On the Action of Ozone on Phospholipids, a Model Compound of the External Envelope of Pericapsidic Viruses like Coronavirus. Part 1

Abstract

ABSTRACT Coronavirus is a virus with an external protective membrane known as pericapsid and composed essentially by a double layer of phospholipids (PPL) and other components. The destabilization or the decomposition of this pericapsid means the certain inactivation of the coronavirus.

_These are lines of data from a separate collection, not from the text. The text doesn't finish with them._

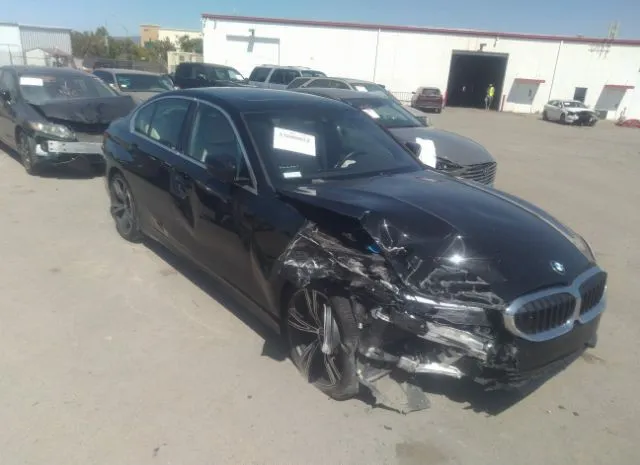 Bmw 3 series (2021)
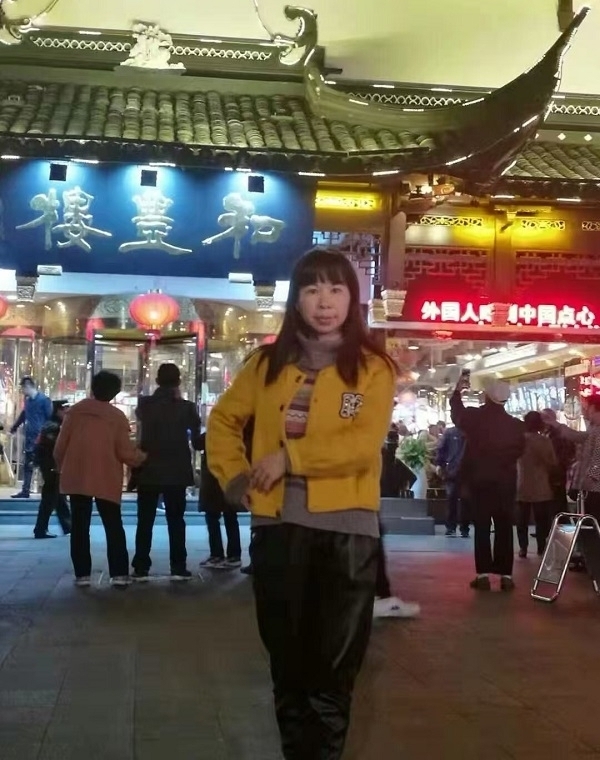君倩的第三张照片--王婆说媒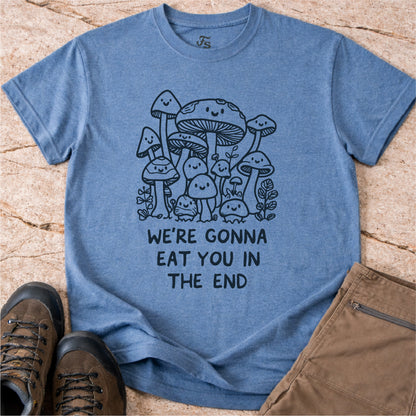 Mushroom Tshirt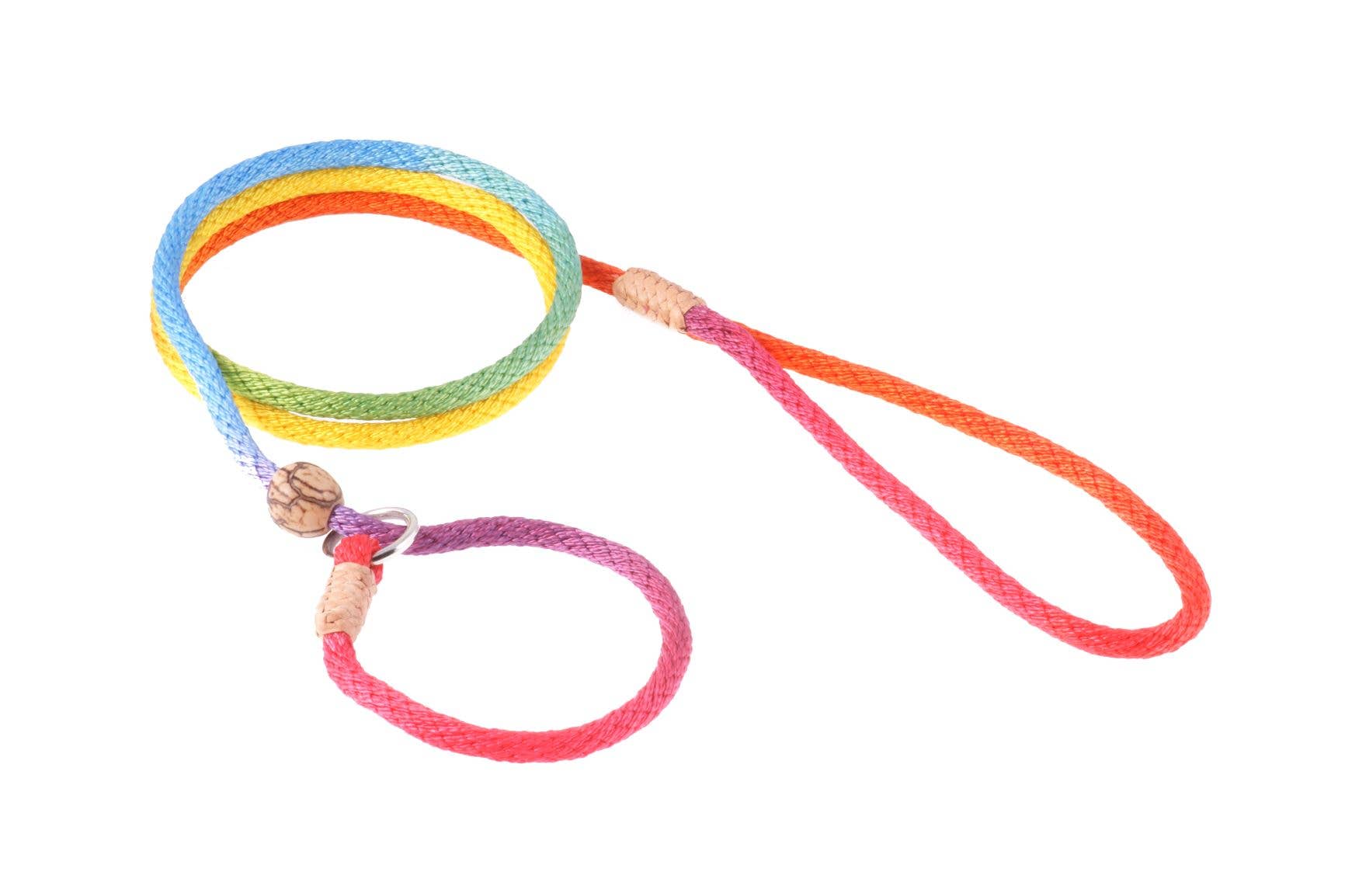 Alvalley - Wholesale Pet Leash - Dog - Nylon Slip Lead With Stopper111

The purpose of this work is to show that ozone is able to oxidize easily the phospholipids destabilizing the micellar state of phospholipidic model compounds derived from soy lecithin. PPL were ozonized in reversal micelle state in n-hexane and in normal micelle state in aqueous emulsion. The progress of PPL ozonation was followed spectrophotometrically and iodometrically. It was found that in n-hexane PPL ozonides (PPL-O) start to precipitate at O3/PPL = 1.5 molar ratio and the precipitation is complete at a molar ratio = 3, confirming the average presence of three double bonds per PPL molecule. The pseudofirst order kinetics of the reverse micelle destabilization oxidation to PPL-O was determined in the range of 1.98–6.75 × 10−3 s−1. On the other hand, PPL in aqueous medium forms a milky emulsion with the PPL molecules arranged in the micelle. The action of ozone on this emulsion causes the complete destabilization of the micelles due to the oxidation of the unsaturated fatty chains of PPL and at O3/PPL = 3 molar ratio the solution appears completely transparent, i.e. the original micellar state is disappeared at a rate of 3.0 × 10−3 s−1. PPL-O was also studied by FT-IR, DSC and polarimetry. The results derived from the ozonation of PPL model compound may be applied to the PPL double layer of coronavirus pericapsid, confirming the effectiveness of ozone in coronavirus inactivation.